Many years ago, long before the Sheikh Mansour takeover, a Manchester City director observed that the club should have replaced Joe Royle as soon as he had led it to promotion back to the Premier League. He was a promotion specialist, the director argued: Why would he be good at leading a club at a higher level to challenge for European qualification? “You wouldn’t appoint the manager of a corner shop to run a multinational,” he said. Sure enough, City was relegated straight back to the second flight.
That was true then and remains true now. Football is a sport in which loyalty is notoriously lacking, in which successful managers can be sacked after a month’s downturn, and yet it often feels loyal in the wrong places. A board that will happily upgrade a fullback or a center forward as soon as a better option becomes available (and a fan base that will welcome that action) will hesitate to replace a manager when circumstances and aspirations change, yet will dismiss him in reaction to a few poor results.

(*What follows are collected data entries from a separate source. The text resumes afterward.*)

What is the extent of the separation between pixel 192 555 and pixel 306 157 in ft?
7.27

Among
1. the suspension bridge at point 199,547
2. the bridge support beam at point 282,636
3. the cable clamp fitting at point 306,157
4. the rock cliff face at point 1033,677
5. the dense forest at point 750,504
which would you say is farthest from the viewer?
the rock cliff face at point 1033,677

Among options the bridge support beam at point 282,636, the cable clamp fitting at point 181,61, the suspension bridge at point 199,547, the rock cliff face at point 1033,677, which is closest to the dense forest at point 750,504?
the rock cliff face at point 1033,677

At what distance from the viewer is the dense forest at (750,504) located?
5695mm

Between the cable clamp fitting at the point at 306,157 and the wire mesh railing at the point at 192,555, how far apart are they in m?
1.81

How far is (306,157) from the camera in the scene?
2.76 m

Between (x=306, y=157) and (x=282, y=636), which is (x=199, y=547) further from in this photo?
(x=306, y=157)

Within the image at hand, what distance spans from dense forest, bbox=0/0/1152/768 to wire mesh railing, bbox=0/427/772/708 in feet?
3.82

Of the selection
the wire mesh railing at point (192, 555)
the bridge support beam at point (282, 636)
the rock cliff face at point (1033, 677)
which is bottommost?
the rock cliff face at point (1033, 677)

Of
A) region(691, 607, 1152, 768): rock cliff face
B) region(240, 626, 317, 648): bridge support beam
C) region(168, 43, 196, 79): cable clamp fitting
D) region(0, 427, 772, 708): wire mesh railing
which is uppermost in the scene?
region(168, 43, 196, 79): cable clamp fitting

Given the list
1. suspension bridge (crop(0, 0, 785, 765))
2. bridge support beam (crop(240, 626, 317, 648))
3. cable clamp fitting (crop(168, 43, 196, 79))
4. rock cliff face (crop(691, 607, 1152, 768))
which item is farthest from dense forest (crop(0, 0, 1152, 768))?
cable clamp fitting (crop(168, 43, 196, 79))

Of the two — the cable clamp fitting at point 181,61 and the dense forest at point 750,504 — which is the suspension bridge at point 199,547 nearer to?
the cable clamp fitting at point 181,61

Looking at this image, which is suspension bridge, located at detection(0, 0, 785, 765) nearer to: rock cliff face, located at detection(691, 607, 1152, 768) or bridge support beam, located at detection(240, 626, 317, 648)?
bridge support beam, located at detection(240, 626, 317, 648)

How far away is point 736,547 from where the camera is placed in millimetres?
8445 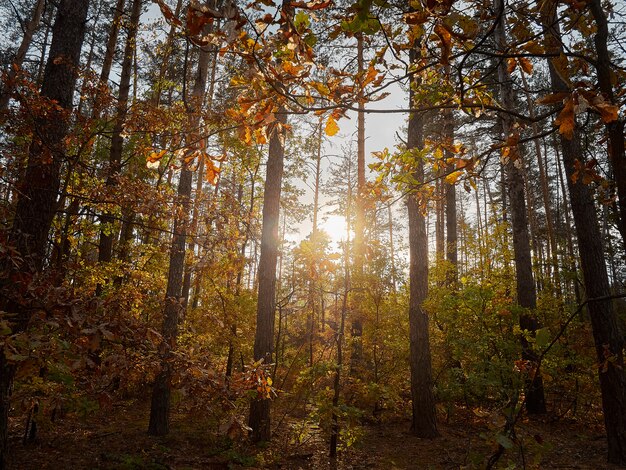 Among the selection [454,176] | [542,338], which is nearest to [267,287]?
[454,176]

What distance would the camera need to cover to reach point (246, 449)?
6.00 m

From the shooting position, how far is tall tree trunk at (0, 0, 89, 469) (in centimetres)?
348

It is one of football’s great unacknowledged truths that managers are good at different things. Pep Guardiola’s critics will point out he has never done it with a Napoli or an Arsenal, much less a Burnley or an Oviedo, but that’s not the point: he is a brilliant manager of top-level players. Would Lewis Hamilton be a good driver of a school bus? It just doesn’t matter. It’s not what he does. Similarly, certain managers are better in the spit-and-sawdust world of a relegation battle, scrapping for points on a shoestring: Sam Allardyce ended up being relegated with West Brom, but before that, he had saved a series of apparently lost causes; he was good at that, but that doesn’t mean his skills would necessarily have transferred to a grander stage.
This brings us, belatedly, to Unai Emery. Perhaps he has been unwise in his choice of clubs when he has left Spain: Paris Saint-Germain and its nest of egos are notoriously unmanageable; a post–Arsène Wenger Arsenal probably required more work than was recognized at the time; Spartak Moscow brought its own problems of financing and expectation. But at upper mid-table Spanish clubs, Emery has always excelled, particularly in European competition.

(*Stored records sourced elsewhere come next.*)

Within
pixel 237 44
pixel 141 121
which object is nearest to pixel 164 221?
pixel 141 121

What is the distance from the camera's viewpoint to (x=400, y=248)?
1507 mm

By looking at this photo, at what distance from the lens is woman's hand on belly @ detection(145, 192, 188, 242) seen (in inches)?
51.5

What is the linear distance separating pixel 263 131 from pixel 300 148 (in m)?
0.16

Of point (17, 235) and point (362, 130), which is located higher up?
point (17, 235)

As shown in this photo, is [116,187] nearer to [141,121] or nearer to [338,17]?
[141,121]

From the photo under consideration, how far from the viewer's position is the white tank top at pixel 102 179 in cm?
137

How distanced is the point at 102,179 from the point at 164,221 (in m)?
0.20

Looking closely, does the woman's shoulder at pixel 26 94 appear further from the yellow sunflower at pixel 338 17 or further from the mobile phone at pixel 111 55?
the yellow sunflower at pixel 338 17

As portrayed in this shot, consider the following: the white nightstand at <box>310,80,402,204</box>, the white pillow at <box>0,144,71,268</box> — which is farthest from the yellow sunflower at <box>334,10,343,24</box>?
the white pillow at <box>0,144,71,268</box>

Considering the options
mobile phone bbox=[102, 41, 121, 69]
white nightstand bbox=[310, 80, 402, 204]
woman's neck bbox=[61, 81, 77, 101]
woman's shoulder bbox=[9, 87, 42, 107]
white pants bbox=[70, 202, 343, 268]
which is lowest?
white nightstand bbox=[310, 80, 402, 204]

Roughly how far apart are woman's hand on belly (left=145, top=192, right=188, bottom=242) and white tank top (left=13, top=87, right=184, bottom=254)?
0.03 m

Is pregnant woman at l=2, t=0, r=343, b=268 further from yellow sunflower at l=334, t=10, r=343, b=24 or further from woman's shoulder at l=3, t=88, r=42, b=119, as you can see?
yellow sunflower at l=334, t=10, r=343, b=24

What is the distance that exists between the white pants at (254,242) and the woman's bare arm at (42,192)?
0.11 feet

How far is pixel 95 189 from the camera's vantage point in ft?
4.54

At Sevilla, Emery won three Europa League titles. He added another with Villarreal last season and also took Arsenal to the final. His progress to the last four of the Champions League this season has been built on similar principles: defensive organization, carefully orchestrated pressing and lightning counters. Perhaps he lacks the depth of squad to achieve results consistently over a full league season—Villarreal is seventh in Spain—and perhaps his teams are rather better at thwarting more vaunted opponents than overwhelming lesser sides, but at what he is good at, he is exceptional.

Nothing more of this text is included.